A strong second half performance has seen Atkins revise its cash position up to guidance of around £180m, while it expects to report “flat” UK revenue in the year to 31 March, it said in a trading update today.
Ahead of its preliminary results announcement on 12 June, the firm said its UK business had performed well, but that revenue would be flat despite the disposal of its highways operation and maintenance business to Skanska for £18m.
However, it expects to show an improved UK operating margin as a result of the disposal, together with “ongoing benefits of our operational excellence programme”.
The design and engineering consultancy posted a UK operating profit of £56.6m (2012: £51.6m) on £900.3m of revenue (£859.9m), returning a 6.3 per cent margin for the year ending 31 March 2013.
The group increased its guidance for net cash at 31 March 2014 to around £180m after a strong second half performance.
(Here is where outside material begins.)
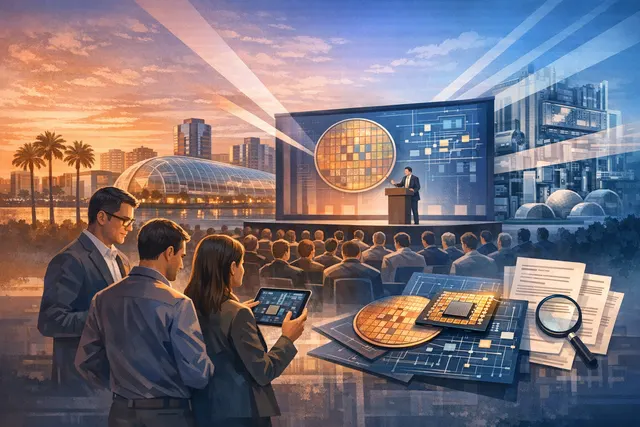 Abstract digital illustration representing semiconductor manufacturing, EDA tools, and advanced chip design nodes with glowing circuit patterns.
Analyst Liberum said it had raised the expected cash position from guidance of around £140m.
In an analyst note published after the trading update, Liberum said: “Around 5 per cent of UK sales are now AMP-related, and the transition to AMP6 is expected to be smoother than normal.
“We expect margin progress in H2 due to lower bid costs, an improvement in highways margins and progress in rail signalling.”
It predicted a 5 per cent increase in headcount for the year.
Atkins expects to report an increase in its year-end IAS19 pension deficit from that reported at 31 March 2013, with a consequent increase in the group’s pension interest charge in the year ending 31 March 2015.